Which left, however, today's meeting. And this morning, as everyone weighed in on what should or should not happen at the meeting, we senators were all ready to give up even this gentle involvement in politics forever! The irony, I suppose, is that things seemed to be getting so wildly out of hand because we didn't really need the meeting for our process, so people thought of a hundred other things a meeting would be good for or, if run the wrong way, would be bad for. All sorts of people weighed in on what our agenda should be, who should be invited, if the dean should be present, if there should be a vote, etc., etc. Meanwhile others were insinuating that we had rigged the whole process in order to arrive at this result, or, to the contrary, that we were incompetent for not having forseen this result. We were giving our colleague too strong a mandate, said some; too weak or ambiguous a one, said others... On and on and on, all through yesterday and into this morning - and remember that there are four of us senators, so everything had to be sent back and forth between us. And it's the last week of classes, and we all had classes today, meetings with students, etc.!

Well anyway, amazingly, we survived. More than that, it was a really good meeting! And now everyone is clapping us on the back again for designing such a good process. What happened was simply this: we had a three-point agenda and said so. The dean came for the first, and explained the demands of the deanship - very interesting. Then the likely next dean took questions on his vision - and convinced the remaining doubters that he's up to the job. Finally, we decided whether or not we still needed a vote of some kind, and passed a resolution recommending our colleague for a three-year term.

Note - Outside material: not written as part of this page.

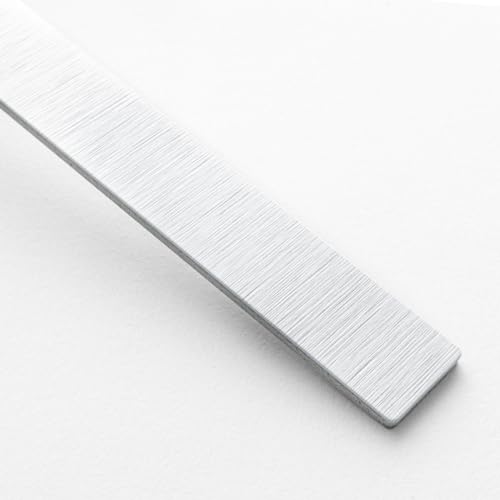 AULIGET 6” Peel and Stick PVC Trim for Wall Tile Edges, Kitchen backsplash, Photo & Mirror Frame (Pack of 24, Stainless Steel Silver)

In relief, like prisoners who've escaped execution, we senators fled to a bar for a drink and rubbed our eyes. Could the meeting from hell have actually turned out to be an important moment of faculty governance? In one sense we're just where we would presumably have been without the process - same single candidate likely to be the next dean. But in other senses, everything's different. The nomination process showed both that there are many able and that there are few willing to take up the thankless position of acting dean, and today's meeting provided an endorsement of our best bet. And by fashioning a vision statement he's already begun a relationship of accountability to the faculty which we've never had with past deans.

The best thing might actually just have been the drama of it. For today's meeting, for the first time ever (or in a long time), was run by the faculty: we senators sat at a long table, and invited the dean to join us for a report, and then he left the room; then we invited the candidate to join us and he then left the room; finally, we presided over a discussion concerning the faculty's views on the deanship. Isn't that what faculty governance looks like?

What felt best was knowing that we had, in the end, done our job: designing a good democratic process.

In any case: whew. Academic politics can be like a refiner's fire!